__ASSIGNMENT__.
From the line containing "Scarf with cashmere animal - Black 10190" through the last line of the records below, output every line exactly as it appears, but leave out the pictures.
───── DATA FOR THIS TASK
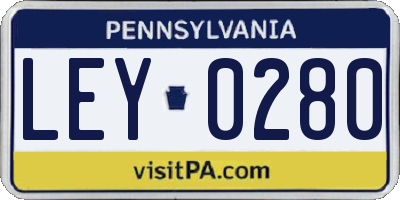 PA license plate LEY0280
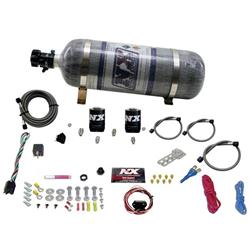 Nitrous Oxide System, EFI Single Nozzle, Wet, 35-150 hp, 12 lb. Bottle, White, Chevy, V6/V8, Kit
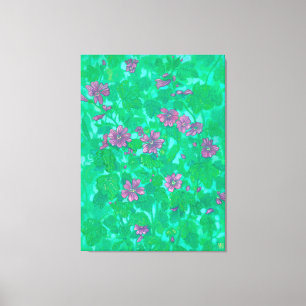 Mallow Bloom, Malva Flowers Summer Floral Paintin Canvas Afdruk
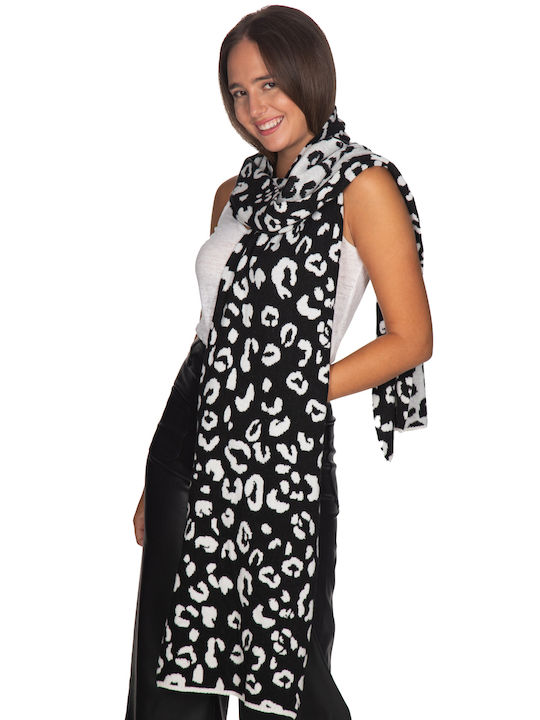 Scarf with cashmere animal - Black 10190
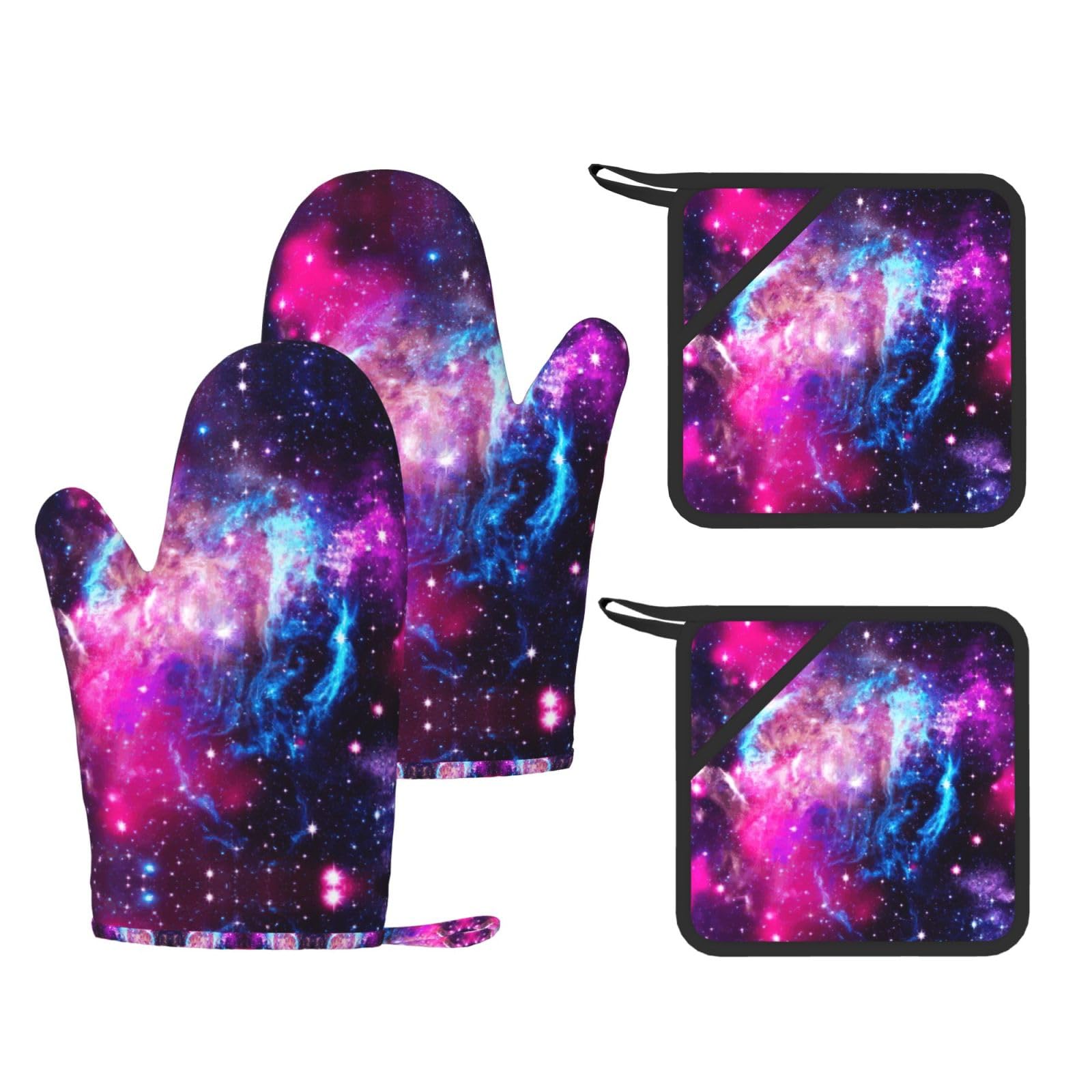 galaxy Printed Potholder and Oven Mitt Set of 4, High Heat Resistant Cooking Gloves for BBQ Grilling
──────────
__SOLUTION TO THIS TASK__.
 Scarf with cashmere animal - Black 10190
 galaxy Printed Potholder and Oven Mitt Set of 4, High Heat Resistant Cooking Gloves for BBQ Grilling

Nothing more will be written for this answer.